# John-ross tackle (UK)



## BottomBouncer (Jan 20, 2005)

I checked this site out before, only for rods, looked around it again today. Pretty nice site overall. They have some things I have not seen before also some good gear.

www.johnsonrosstackle.co.uk


----------



## RiverRat (Apr 5, 2004)

BB, have you contacted them to see if they ship to he USA?
If your ever wanting to get any carp rods directy from the UK..contact Rob or Pete at Specialist Tackle LLC in New York and ask them with they are getting their next container sent over....they will get your rods brought over that way...with NO charge for the over-seas transportation. It would save ya a possible few $100 on shipping directly from the UK. This is also true for any big heavy items like bedchairs, bivvys, ect.
Both my Fox Ultra Bedchair and Fox Evo Classic Brolly came over in one of their containers and saved me a ton in shipping costs.
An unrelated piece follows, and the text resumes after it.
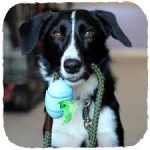 Beco Pocket Blue - Image 4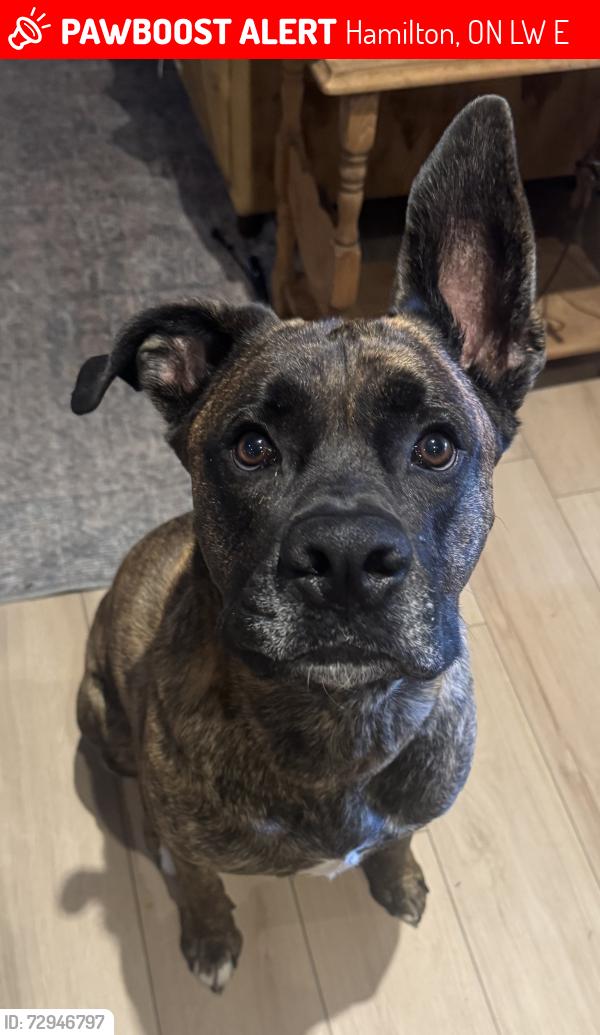 Lost Male Dog last seen Nebo Rd. & Stonechurch, Hamilton, ON L8W 2E8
Riverview of Waddington Motel
12508 State Highway 37, Waddington, NY 13694 

1-315-388-5912

All ya have to do is find items on the Specialist Tackle UK web site and contact Rob or Pete and let them know what you want, great guys and very nice.
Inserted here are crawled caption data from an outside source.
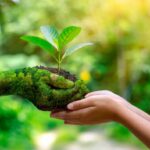 Seguros de Responsabilidad Ambiental: Hacia un Futuro Sostenible
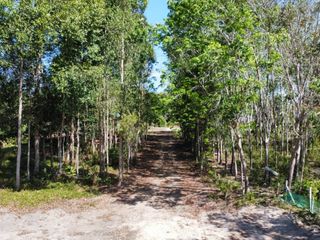 For sale land in Takua Thung, Phang Nga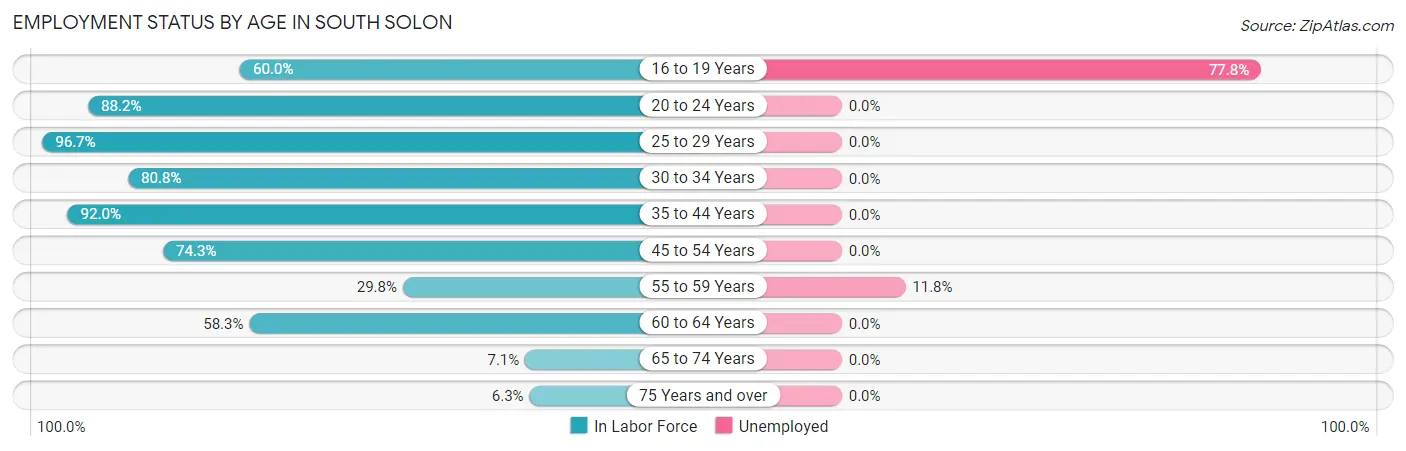 Employment Status by Age in South Solon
http://www.specialist-tackle.co.uk/

Scott


----------



## RiverRat (Apr 5, 2004)

Also, if ya ever want to figure out just how much shipping cost and stuff is, just go to one of those UK sites and add items of interest to your basket..then go to check out....you will see just how much the total would be, of course as long as you dont hit the confirm buttom you dont have to worry about buying the stuff...i do this all the time to figure shipping cost, ect.

Another option is to contact the guys at ACS, they will be getting a few big shipments in this year(next ones in March)..my Century rods are coming over on that shipment, saved me a lot of $ on shipping and i mean a LOT of $ .

Ive tried to order things through another Carp tackle dealer here in the USA, but hes got to be the slowest one ever...only gets 1 to 2 containers a year..i aint got that much time to waste on him.

Scott


----------